Ollie swallowed again. “So you’re . . . it’s serious?”

She nodded, dropping her gaze as if she couldn’t bear to see the anguish in his. “He found a place here in town. A job, too—on a construction crew. He wants me to move in with him.”

So soon! It was a moment before he could choke out, “What about Bella?”

“My daughter comes first. I’m not making a move unless the judge okays it.” He could see from the look on her face that this was one area in which she wouldn’t compromise. “But the important thing is, she’ll have a mom
and
a dad, which will look good in court. In fact, things are looking up already. My lawyer just called, and guess what? The judge is letting Bella come for an overnight visit. This weekend. It’s all arranged.”

“But I thought. . .”

“I know. Me, too. But apparently Abel convinced him to try it on a—” She frowned, as if struggling to recall the words.

“Provisional basis?” Ollie supplied.

“Yeah, that’s it. Kind of like probation. I guess he could see that I’m trying. You know, like with my anger management course and everything.”

“How’s that going?” he asked in a dull voice.

“Not bad. The instructor’s a cool guy. He has us do exercises and stuff, like acting out different scenarios, so we’ll know how to handle it when it’s for real. I only lost my temper once.”

Ollie gave her a smile that felt as if it were held in place with toothpicks. “Well, that’s progress, I guess. And hey, that’s great news about your little girl. You must be thrilled.”

She nodded, her eyes shining, and he could see that she was struggling for his sake to contain her happiness. “It’s just a small step, but at least we’re moving in the right direction. And if it goes well, my lawyer thinks there’s a good chance it could become a regular thing. We’ll see.” She gnawed on a thumbnail, the worry creeping back in. So much was still up in the air.

“I’m sure it’ll all work out,” he reassured her, as he had so often in the past.

She eyed him with gratitude. “I meant what I said, Ollie. You’re an amazing guy.”

You got that right—amazingly stupid
, he thought. But all he said was, “Better watch out. If you keep telling me that, I might start to believe it.”
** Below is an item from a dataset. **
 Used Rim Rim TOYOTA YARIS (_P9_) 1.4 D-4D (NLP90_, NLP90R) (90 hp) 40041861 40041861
“You should. Any girl would be lucky to have you.”

Any girl except you
. It was all he could do to sit there chatting with her like it was no big deal that she was breaking up with him. No, this didn’t even qualify as a breakup, he thought, since they had never really been a couple to begin with. Just friends with benefits. “We should get going,” he said as soon as she was done eating. “Unless dragons go out of style overnight, I have about a million more cupcakes to bake.”
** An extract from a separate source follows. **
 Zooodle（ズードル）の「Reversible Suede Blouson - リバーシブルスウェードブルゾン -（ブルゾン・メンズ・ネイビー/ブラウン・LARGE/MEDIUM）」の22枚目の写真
“As long as there are knights in shining armor, I don’t see dragons going out of style,” Kerrie Ann said lightly as she slid out of the booth.
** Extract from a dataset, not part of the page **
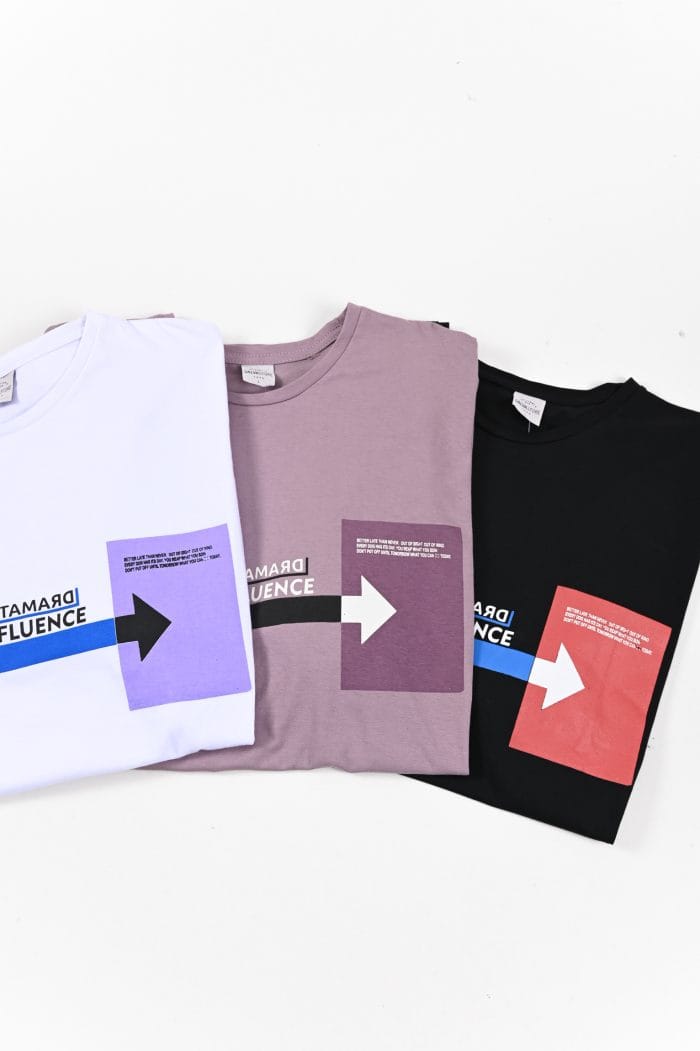 REMERA OVER DRAMATIC INFLUENCE - Imagen 4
“You sure you know what you’re doing, sugar?”

Miss Honi and Kerrie Ann were in the kitchen cleaning up, Miss Honi washing while Kerrie Ann dried. “’Course not. When do I ever know what I’m doing?” Kerrie Ann joked. At the older woman’s look of concern, she added in a more serious tone, “Relax; I’m a big girl. And Jeremiah’s behaving himself. There’s nothing for you to worry about.”

“Whenever I’m told not to worry, that’s when I worry.” Miss Honi reached up with a soapy hand to pat Kerrie Ann’s arm. “I don’t mean to ride you, hon. I got nothing against the boy—he’s likable enough. And there oughta be a law against any fella that looks that good in a pair of jeans. But you know what they say: Two people in a shaky lifeboat is twice the chance of getting sunk. I’m just worried you’re in for a dunking, that’s all.”